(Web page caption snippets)
▶

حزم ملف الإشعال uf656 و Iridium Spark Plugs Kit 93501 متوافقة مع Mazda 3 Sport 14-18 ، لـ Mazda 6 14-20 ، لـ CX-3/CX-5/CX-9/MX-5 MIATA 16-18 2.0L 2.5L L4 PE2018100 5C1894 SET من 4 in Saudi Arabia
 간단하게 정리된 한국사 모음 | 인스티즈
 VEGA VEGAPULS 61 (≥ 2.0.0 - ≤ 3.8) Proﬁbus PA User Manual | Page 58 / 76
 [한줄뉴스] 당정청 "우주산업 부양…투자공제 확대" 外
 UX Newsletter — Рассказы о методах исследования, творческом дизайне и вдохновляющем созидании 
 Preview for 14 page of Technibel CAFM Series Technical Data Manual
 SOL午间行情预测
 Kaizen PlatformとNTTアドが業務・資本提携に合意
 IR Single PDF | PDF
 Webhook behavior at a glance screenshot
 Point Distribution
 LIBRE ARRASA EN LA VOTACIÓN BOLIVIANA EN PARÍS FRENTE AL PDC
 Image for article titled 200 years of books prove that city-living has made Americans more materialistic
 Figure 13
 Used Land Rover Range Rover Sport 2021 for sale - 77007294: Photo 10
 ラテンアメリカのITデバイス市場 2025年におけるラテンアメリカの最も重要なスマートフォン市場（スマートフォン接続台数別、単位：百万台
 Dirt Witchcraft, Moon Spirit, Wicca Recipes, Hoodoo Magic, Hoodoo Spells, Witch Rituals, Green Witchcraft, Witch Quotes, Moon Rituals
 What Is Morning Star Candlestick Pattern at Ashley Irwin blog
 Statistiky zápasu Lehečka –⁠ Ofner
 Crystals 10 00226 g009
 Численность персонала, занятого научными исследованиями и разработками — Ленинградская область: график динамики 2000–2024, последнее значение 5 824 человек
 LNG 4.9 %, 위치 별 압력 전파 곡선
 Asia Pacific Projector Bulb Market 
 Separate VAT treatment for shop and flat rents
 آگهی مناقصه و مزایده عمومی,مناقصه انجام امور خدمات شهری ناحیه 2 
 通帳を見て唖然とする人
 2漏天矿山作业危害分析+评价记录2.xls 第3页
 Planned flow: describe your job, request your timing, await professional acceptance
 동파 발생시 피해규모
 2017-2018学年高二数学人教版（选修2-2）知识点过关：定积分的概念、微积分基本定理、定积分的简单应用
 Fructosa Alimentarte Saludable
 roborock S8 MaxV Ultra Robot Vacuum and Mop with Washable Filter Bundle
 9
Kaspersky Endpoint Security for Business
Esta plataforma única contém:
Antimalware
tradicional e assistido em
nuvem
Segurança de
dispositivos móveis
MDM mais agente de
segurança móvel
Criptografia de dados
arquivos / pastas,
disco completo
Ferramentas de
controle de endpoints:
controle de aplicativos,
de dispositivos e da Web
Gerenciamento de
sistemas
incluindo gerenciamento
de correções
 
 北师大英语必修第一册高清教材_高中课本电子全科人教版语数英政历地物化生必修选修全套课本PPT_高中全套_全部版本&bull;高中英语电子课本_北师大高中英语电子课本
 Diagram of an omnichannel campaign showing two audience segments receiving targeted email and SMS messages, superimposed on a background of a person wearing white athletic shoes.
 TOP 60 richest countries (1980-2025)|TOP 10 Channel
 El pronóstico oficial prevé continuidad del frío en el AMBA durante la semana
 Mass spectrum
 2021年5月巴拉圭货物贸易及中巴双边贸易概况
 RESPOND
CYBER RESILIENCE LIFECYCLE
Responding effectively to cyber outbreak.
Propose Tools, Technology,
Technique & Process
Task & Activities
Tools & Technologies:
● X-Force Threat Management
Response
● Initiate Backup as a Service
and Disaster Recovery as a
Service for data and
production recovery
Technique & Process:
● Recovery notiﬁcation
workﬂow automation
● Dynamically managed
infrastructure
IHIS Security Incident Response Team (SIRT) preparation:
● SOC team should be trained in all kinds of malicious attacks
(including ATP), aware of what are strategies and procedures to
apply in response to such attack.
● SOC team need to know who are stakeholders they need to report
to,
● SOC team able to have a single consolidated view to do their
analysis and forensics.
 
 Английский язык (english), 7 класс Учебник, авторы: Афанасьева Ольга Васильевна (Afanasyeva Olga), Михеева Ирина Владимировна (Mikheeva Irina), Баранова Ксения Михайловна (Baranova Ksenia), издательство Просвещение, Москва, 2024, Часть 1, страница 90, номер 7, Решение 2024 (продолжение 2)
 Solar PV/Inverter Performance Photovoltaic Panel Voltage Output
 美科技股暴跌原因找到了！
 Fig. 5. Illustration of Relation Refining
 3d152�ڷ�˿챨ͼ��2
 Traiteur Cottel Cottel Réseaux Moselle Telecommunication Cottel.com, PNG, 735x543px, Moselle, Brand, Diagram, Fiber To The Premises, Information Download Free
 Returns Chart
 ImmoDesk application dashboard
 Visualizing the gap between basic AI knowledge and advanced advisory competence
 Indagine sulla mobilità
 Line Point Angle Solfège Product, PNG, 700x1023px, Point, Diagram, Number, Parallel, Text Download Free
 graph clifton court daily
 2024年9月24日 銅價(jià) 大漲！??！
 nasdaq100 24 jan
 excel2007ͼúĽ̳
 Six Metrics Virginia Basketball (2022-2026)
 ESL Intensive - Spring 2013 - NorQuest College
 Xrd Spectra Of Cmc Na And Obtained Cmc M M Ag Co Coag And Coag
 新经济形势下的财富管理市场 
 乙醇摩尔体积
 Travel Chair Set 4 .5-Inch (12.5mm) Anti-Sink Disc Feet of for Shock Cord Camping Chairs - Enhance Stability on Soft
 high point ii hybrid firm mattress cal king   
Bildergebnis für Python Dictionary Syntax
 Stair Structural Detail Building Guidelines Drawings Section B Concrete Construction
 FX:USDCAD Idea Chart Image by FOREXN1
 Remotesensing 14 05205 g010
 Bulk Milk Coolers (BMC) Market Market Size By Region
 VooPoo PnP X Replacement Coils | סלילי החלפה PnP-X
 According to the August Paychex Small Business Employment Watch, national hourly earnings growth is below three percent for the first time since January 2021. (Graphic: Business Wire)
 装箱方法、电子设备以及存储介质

◀

▸ Task brief: Output the records in full. Keep every character as it is.

▸ Output of the task:
حزم ملف الإشعال uf656 و Iridium Spark Plugs Kit 93501 متوافقة مع Mazda 3 Sport 14-18 ، لـ Mazda 6 14-20 ، لـ CX-3/CX-5/CX-9/MX-5 MIATA 16-18 2.0L 2.5L L4 PE2018100 5C1894 SET من 4 in Saudi Arabia
 간단하게 정리된 한국사 모음 | 인스티즈
 VEGA VEGAPULS 61 (≥ 2.0.0 - ≤ 3.8) Proﬁbus PA User Manual | Page 58 / 76
 [한줄뉴스] 당정청 "우주산업 부양…투자공제 확대" 外
 UX Newsletter — Рассказы о методах исследования, творческом дизайне и вдохновляющем созидании 
 Preview for 14 page of Technibel CAFM Series Technical Data Manual
 SOL午间行情预测
 Kaizen PlatformとNTTアドが業務・資本提携に合意
 IR Single PDF | PDF
 Webhook behavior at a glance screenshot
 Point Distribution
 LIBRE ARRASA EN LA VOTACIÓN BOLIVIANA EN PARÍS FRENTE AL PDC
 Image for article titled 200 years of books prove that city-living has made Americans more materialistic
 Figure 13
 Used Land Rover Range Rover Sport 2021 for sale - 77007294: Photo 10
 ラテンアメリカのITデバイス市場 2025年におけるラテンアメリカの最も重要なスマートフォン市場（スマートフォン接続台数別、単位：百万台
 Dirt Witchcraft, Moon Spirit, Wicca Recipes, Hoodoo Magic, Hoodoo Spells, Witch Rituals, Green Witchcraft, Witch Quotes, Moon Rituals
 What Is Morning Star Candlestick Pattern at Ashley Irwin blog
 Statistiky zápasu Lehečka –⁠ Ofner
 Crystals 10 00226 g009
 Численность персонала, занятого научными исследованиями и разработками — Ленинградская область: график динамики 2000–2024, последнее значение 5 824 человек
 LNG 4.9 %, 위치 별 압력 전파 곡선
 Asia Pacific Projector Bulb Market 
 Separate VAT treatment for shop and flat rents
 آگهی مناقصه و مزایده عمومی,مناقصه انجام امور خدمات شهری ناحیه 2 
 通帳を見て唖然とする人
 2漏天矿山作业危害分析+评价记录2.xls 第3页
 Planned flow: describe your job, request your timing, await professional acceptance
 동파 발생시 피해규모
 2017-2018学年高二数学人教版（选修2-2）知识点过关：定积分的概念、微积分基本定理、定积分的简单应用
 Fructosa Alimentarte Saludable
 roborock S8 MaxV Ultra Robot Vacuum and Mop with Washable Filter Bundle
 9
Kaspersky Endpoint Security for Business
Esta plataforma única contém:
Antimalware
tradicional e assistido em
nuvem
Segurança de
dispositivos móveis
MDM mais agente de
segurança móvel
Criptografia de dados
arquivos / pastas,
disco completo
Ferramentas de
controle de endpoints:
controle de aplicativos,
de dispositivos e da Web
Gerenciamento de
sistemas
incluindo gerenciamento
de correções
 
 北师大英语必修第一册高清教材_高中课本电子全科人教版语数英政历地物化生必修选修全套课本PPT_高中全套_全部版本&bull;高中英语电子课本_北师大高中英语电子课本
 Diagram of an omnichannel campaign showing two audience segments receiving targeted email and SMS messages, superimposed on a background of a person wearing white athletic shoes.
 TOP 60 richest countries (1980-2025)|TOP 10 Channel
 El pronóstico oficial prevé continuidad del frío en el AMBA durante la semana
 Mass spectrum
 2021年5月巴拉圭货物贸易及中巴双边贸易概况
 RESPOND
CYBER RESILIENCE LIFECYCLE
Responding effectively to cyber outbreak.
Propose Tools, Technology,
Technique & Process
Task & Activities
Tools & Technologies:
● X-Force Threat Management
Response
● Initiate Backup as a Service
and Disaster Recovery as a
Service for data and
production recovery
Technique & Process:
● Recovery notiﬁcation
workﬂow automation
● Dynamically managed
infrastructure
IHIS Security Incident Response Team (SIRT) preparation:
● SOC team should be trained in all kinds of malicious attacks
(including ATP), aware of what are strategies and procedures to
apply in response to such attack.
● SOC team need to know who are stakeholders they need to report
to,
● SOC team able to have a single consolidated view to do their
analysis and forensics.
 
 Английский язык (english), 7 класс Учебник, авторы: Афанасьева Ольга Васильевна (Afanasyeva Olga), Михеева Ирина Владимировна (Mikheeva Irina), Баранова Ксения Михайловна (Baranova Ksenia), издательство Просвещение, Москва, 2024, Часть 1, страница 90, номер 7, Решение 2024 (продолжение 2)
 Solar PV/Inverter Performance Photovoltaic Panel Voltage Output
 美科技股暴跌原因找到了！
 Fig. 5. Illustration of Relation Refining
 3d152�ڷ�˿챨ͼ��2
 Traiteur Cottel Cottel Réseaux Moselle Telecommunication Cottel.com, PNG, 735x543px, Moselle, Brand, Diagram, Fiber To The Premises, Information Download Free
 Returns Chart
 ImmoDesk application dashboard
 Visualizing the gap between basic AI knowledge and advanced advisory competence
 Indagine sulla mobilità
 Line Point Angle Solfège Product, PNG, 700x1023px, Point, Diagram, Number, Parallel, Text Download Free
 graph clifton court daily
 2024年9月24日 銅價(jià) 大漲！??！
 nasdaq100 24 jan
 excel2007ͼúĽ̳
 Six Metrics Virginia Basketball (2022-2026)
 ESL Intensive - Spring 2013 - NorQuest College
 Xrd Spectra Of Cmc Na And Obtained Cmc M M Ag Co Coag And Coag
 新经济形势下的财富管理市场 
 乙醇摩尔体积
 Travel Chair Set 4 .5-Inch (12.5mm) Anti-Sink Disc Feet of for Shock Cord Camping Chairs - Enhance Stability on Soft
 high point ii hybrid firm mattress cal king   
Bildergebnis für Python Dictionary Syntax
 Stair Structural Detail Building Guidelines Drawings Section B Concrete Construction
 FX:USDCAD Idea Chart Image by FOREXN1
 Remotesensing 14 05205 g010
 Bulk Milk Coolers (BMC) Market Market Size By Region
 VooPoo PnP X Replacement Coils | סלילי החלפה PnP-X
 According to the August Paychex Small Business Employment Watch, national hourly earnings growth is below three percent for the first time since January 2021. (Graphic: Business Wire)
 装箱方法、电子设备以及存储介质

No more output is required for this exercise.